인장 하중을 받는 무한 고체에 포함된 다수의 이방성 함유체 문제 해석을 위한 체적 적분방정식법

  • 이정기 (홍익대학교 기계정보공학과)
  • Published : 2010.08.31

Abstract

A volume integral equation method (VIEM) is introduced for the solution of elastostatic problems in an unbounded isotropic elastic solids containing interacting multiple anisotropic inclusions subject to remote uniaxial tension. The method is applied to two-dimensional problems involving long parallel cylindrical inclusions. A detailed analysis of stress field at the interface between the matrix and the central inclusion is carried out for square and hexagonal packing of the inclusions.
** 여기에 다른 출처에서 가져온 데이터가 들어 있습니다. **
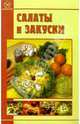 Салаты и закуски, Моисеева Л.И. 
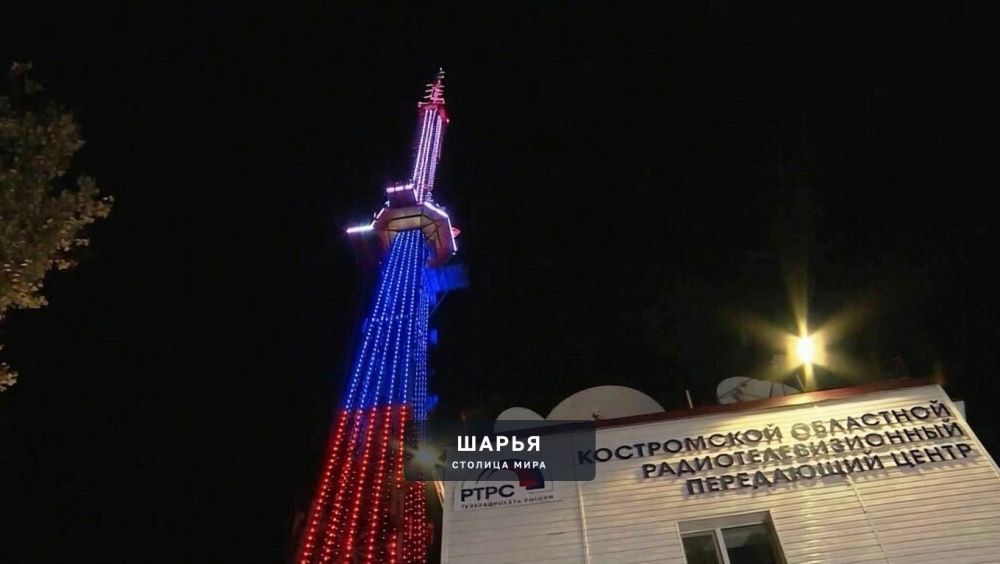 Костромская телебашня завтра вечером включит тематическую подсветку в честь 95‑летия начала… — Шарья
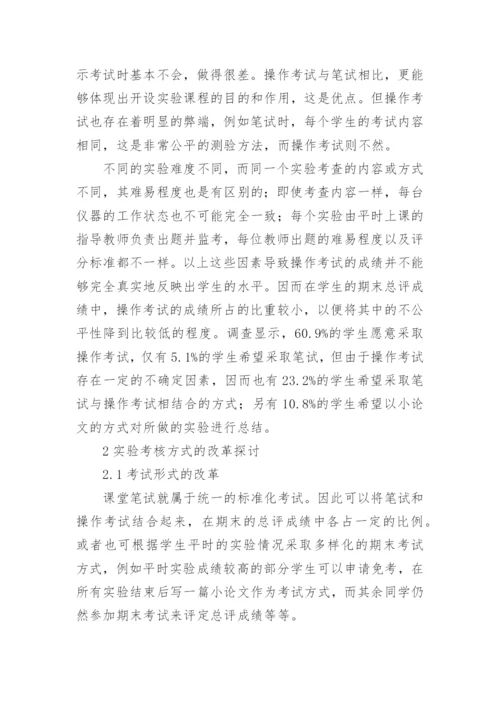 大学物理现状分析与改革论文.docx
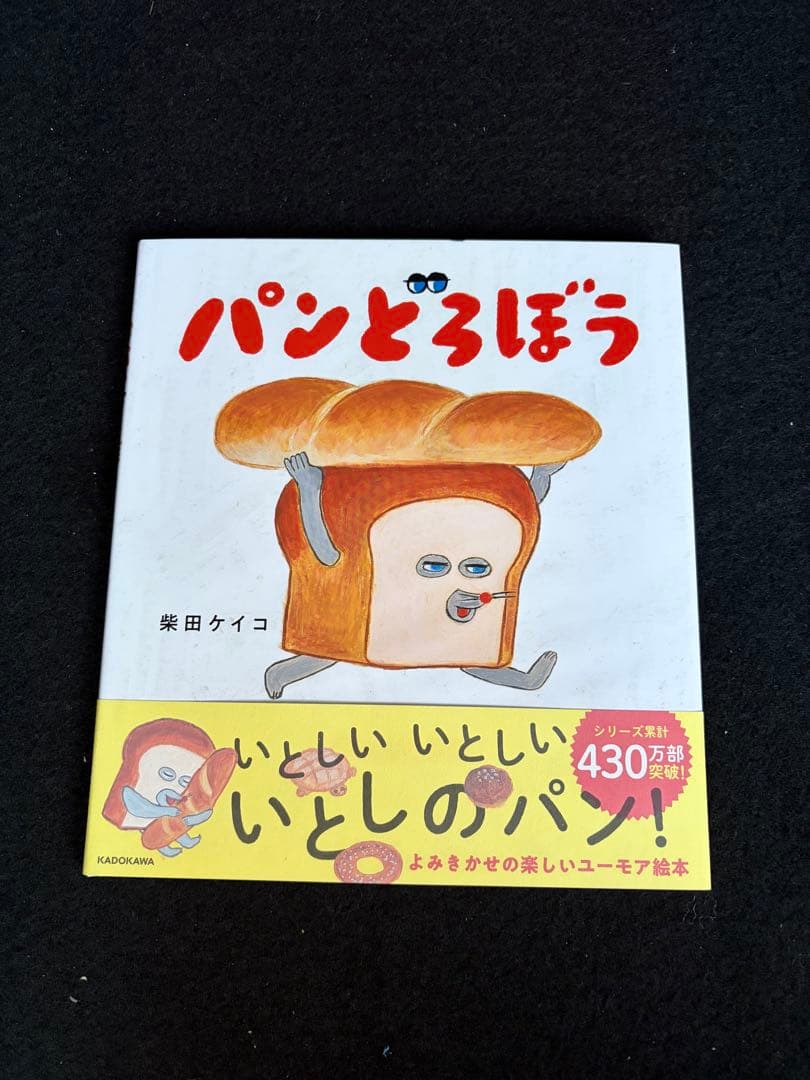 【kouta】パンどろぼう 全7巻セット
Effects of the number of anisotropic inclusions and various fiber volume fractions on the stress field at the interface between the matrix and the central inclusion are also investigated in detail. The accuracy of the method is validated by solving the single inclusion problem for which solutions are available in the literature.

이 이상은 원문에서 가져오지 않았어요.